Mehr Fragen und Antworten zum Gambelli-Urteil (Teil 2)

Rechtsanwalt Martin Arendts, M.B.L.-HSG

Arendts Rechtsanwälte
Perlacher Str. 68
D - 82031 Grünwald (bei München)
Editorial

Der Deutsche Lotto- und Toto-Block als staatlicher Glücksspielanbieter weitet sein Angebot und die Werbung dafür deutlich aus. Das Angebot soll auch für Wettkunden mit nicht so viel Geld attraktiver werden. So wurde der Mindesteinsatz für Kombiwetten gesenkt.

Dieses Verhalten kann man natürlich nicht mit einer „Einschränkung der Spielsucht“ in Einklang bringen.
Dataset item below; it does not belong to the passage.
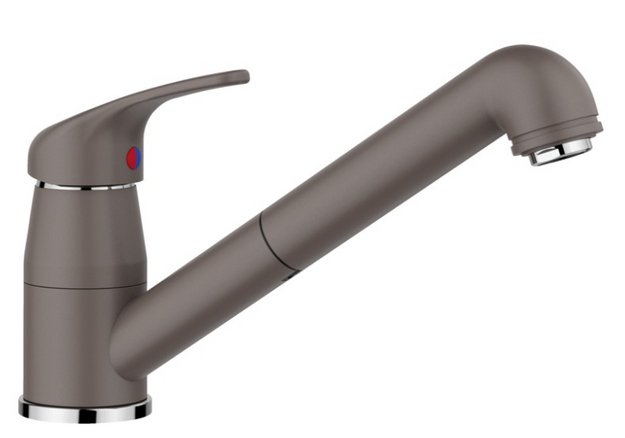 Смеситель Blanco DARAS-S 526936 Silgranit серый (preview 1)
Insoweit hinkt die Argumentation etwa des Bayerischen Obersten Landesgerichts der Wirklichkeit etwas hinterher.

Rechtlich problematisch ist auch das nicht-marktkonforme Verhalten des Lotto- und Toto-Blocks als öffentliches Unternehmen im Sinne des Art. 86 EG-Vertrag. Der Block nutzt offensichtlich – wie man auch jüngst einem Spiegel-Artikel entnehmen konnte – seine marktbeherrschende Stellung aus, um die Werbung für private Anbieter möglichst zu verhindern. So soll nach Willen des Blocks für private Anbieter keine Bandenwerbung erfolgen. Dieser Versuch einer Aufrechterhaltung einer marktbeherrschenden Stellung verhindert einen unverfälschten Wettbewerb und verstößt aus unserer Sicht klar gegen Art. 86 EG.
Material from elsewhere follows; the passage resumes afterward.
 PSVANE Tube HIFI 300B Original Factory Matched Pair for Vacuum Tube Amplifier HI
Können sich auch Wettkunden auf die Dienstleistungsfreiheit berufen?

Ja, für Kunden gilt nach der ständigen Rechtsprechung des Europäischen Gerichtshofs die sog. passive Dienstleistungsfreiheit. (Potentielle) Kunden sind berechtigt, Dienstleistungen von Buchmachern mit Sitz in einem anderen Mitgliedstaat ohne Beschränkungen in Anspruch zu nehmen (vgl. Gambelli-Urteil Rn. 55). § 285 des deutschen StGB ist insoweit wegen des Vorrangs des Gemeinschaftsrechts nicht anwendbar.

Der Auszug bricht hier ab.